Serra: É mais uma demonstração. E são só três meses. Mas nada indica que vai ser diferente até o final. Em primeiro lugar, a ideia de instituição do parlamentarismo não é minha. É um movimento de vários senadores e deputados. Qual é a chance do parlamentarismo? É preciso ter um debate sobre isso. Mas não seria um parlamentarismo para interromper o governo do presidente Bolsonaro. Isso não funcionaria. Aliás, a nossa experiência histórica mostra isso. O parlamentarismo não pode ser imposto para resolver uma dificuldade conjuntural. É um modelo diferente. Essa perspectiva dará mais plausibilidade ao debate.
Valor: A ideia é instituir o novo sistema a partir de 2022?
Serra: Sim.
Valor: A proposta será submetida a um plebiscito?

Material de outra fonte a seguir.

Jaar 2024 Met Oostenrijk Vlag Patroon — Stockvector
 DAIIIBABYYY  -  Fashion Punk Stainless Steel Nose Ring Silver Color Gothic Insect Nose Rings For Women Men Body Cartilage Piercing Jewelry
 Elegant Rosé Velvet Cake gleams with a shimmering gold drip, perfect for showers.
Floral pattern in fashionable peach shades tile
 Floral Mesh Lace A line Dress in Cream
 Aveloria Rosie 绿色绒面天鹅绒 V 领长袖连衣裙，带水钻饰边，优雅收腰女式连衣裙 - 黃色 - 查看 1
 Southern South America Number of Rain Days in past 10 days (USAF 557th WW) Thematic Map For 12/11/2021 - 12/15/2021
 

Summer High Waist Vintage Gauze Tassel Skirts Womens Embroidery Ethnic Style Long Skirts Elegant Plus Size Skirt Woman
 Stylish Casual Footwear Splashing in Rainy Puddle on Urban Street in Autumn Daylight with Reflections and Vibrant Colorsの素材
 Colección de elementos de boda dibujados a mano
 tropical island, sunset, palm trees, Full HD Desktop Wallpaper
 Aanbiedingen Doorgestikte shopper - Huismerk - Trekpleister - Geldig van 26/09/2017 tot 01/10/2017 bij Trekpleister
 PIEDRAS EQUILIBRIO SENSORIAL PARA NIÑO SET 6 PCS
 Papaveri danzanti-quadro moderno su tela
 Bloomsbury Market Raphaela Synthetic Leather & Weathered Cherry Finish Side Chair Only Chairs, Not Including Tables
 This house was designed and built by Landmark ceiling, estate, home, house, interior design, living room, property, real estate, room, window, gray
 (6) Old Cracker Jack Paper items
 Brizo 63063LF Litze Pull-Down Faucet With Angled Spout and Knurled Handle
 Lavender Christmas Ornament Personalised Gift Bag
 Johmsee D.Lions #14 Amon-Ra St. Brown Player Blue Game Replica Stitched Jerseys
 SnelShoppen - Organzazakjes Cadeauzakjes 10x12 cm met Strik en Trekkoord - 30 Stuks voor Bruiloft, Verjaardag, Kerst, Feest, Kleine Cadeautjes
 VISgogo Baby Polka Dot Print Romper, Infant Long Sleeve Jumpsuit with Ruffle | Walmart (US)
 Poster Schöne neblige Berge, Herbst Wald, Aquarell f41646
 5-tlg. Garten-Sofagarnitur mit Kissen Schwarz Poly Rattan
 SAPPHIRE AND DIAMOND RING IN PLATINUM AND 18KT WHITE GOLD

Serra: Vamos discutir. A ideia de deixar para 2022 não é só política. Isso tem que ser bem debatido.
Valor: Na época do plebiscito sobre o regime de governo, no início dos anos 1990, dois grandes líderes políticos nacionais eram contra, Luiz Inácio Lula da Silva e Leonel Brizola, que tinham desejos de serem presidentes...
Serra: Para não falar no Quércia (Orestes Quércia, ex-governador de São Paulo). Mas, e hoje tem quem? Não tem. De toda maneira, aquele plebiscito obedeceu a uma determinação da Constituição, que deu o prazo de cinco anos para definir o regime de governo. O parlamentarismo não representa o fortalecimento político do Congresso. Na verdade, representa maior responsabilidade para o Congresso. Porque o Congresso tem hoje o poder para destituir um presidente. Ele não tem é responsabilidade de fazer o governo funcionar. Essa é a essência do argumento.
Valor: O senhor tem sentido receptividade à proposta?
Serra: Tenho sentido uma certa simpatia sim. Não sou eu apenas que defendo isso. Há vários senadores do PSDB, como Tasso Jereissati (CE), e de outros partidos.
Valor: O PSDB vai integrar a base do governo?
Serra: O PSDB é e continuará a ser oposição. Mas isso não significa que jogamos no quanto pior melhor. Aliás, não sabemos fazer isso. Isso não significa ser partido de governo. Vamos continuar sendo oposição. Firmes.